L’intérêt supérieur de l’enfant

Enfin, le traitement des mineurs isolés fait aussi l’objet d’inquiétudes. Dans la loi, si une personne est vraisemblablement mineure, mais que ce n’est pas certain, le doute doit lui bénéficier. L’enfant est alors théoriquement pris en charge par les services départementaux dédiés. «Les contrôleurs ont relevé que des mineurs isolés interpellés sur le territoire ont été réadmis vers l’Italie alors qu’ils ne peuvent en aucun cas faire l’objet d’une mesure d’éloignement», écrivait la CGLPL dans son rapport de visite, pointant que seuls 0,3% des mineurs interpellés à Menton avaient été confiés à la protection de l’enfance.

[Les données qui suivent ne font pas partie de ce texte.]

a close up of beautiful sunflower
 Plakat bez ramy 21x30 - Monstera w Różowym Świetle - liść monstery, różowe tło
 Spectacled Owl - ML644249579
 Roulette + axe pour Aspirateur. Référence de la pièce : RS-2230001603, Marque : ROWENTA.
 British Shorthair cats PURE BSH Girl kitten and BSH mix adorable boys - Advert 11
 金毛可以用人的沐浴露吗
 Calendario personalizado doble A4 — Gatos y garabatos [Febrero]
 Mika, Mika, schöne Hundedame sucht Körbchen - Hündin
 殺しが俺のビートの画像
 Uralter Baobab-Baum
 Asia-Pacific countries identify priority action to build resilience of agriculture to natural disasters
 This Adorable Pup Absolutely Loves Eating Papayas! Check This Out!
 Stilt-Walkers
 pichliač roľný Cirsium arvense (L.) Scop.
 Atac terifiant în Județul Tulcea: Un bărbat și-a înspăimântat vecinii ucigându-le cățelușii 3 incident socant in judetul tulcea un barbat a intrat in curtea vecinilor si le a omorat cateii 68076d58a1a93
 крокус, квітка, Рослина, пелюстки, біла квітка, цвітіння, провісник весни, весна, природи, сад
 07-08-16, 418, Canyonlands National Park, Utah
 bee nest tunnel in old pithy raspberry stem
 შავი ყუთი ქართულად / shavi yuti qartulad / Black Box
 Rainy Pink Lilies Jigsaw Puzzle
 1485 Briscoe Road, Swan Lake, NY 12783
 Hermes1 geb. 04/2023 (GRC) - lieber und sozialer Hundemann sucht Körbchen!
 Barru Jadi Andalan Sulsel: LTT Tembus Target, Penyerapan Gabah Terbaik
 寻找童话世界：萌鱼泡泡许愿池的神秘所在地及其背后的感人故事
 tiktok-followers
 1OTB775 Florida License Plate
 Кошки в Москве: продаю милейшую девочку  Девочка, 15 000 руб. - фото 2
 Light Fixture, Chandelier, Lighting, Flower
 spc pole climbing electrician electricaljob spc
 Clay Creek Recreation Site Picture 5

Pour le préfet des Alpes-Maritimes, ce faible taux s’expliquerait par le fait que le département serait avant tout un point de passage, plus qu’un point d’arrivée pour les migrants. Eric Ciotti, député LR des Alpes-Maritimes, abonde : «La plupart des mineurs accueillis ne restent pas.» Georges-François Leclerc a fourni quelques chiffres pour prouver la bonne volonté des Alpes-Maritimes : en 2017, 517 mineurs isolés avaient été mis à l’abri, alors qu’ils sont plus de 1 000 à l’avoir été depuis le début de l’année 2018. Une accélération due à une décision du tribunal administratif, en février dernier, qui a estimé que le préfet devait faire primer l’intérêt supérieur de l’enfant, et qu’en cas de doute, la personne devait être reconnue mineure. «C’est la preuve indubitable que la loi est respectée dans les Alpes-Maritimes», a affirmé le préfet Georges-François Leclerc.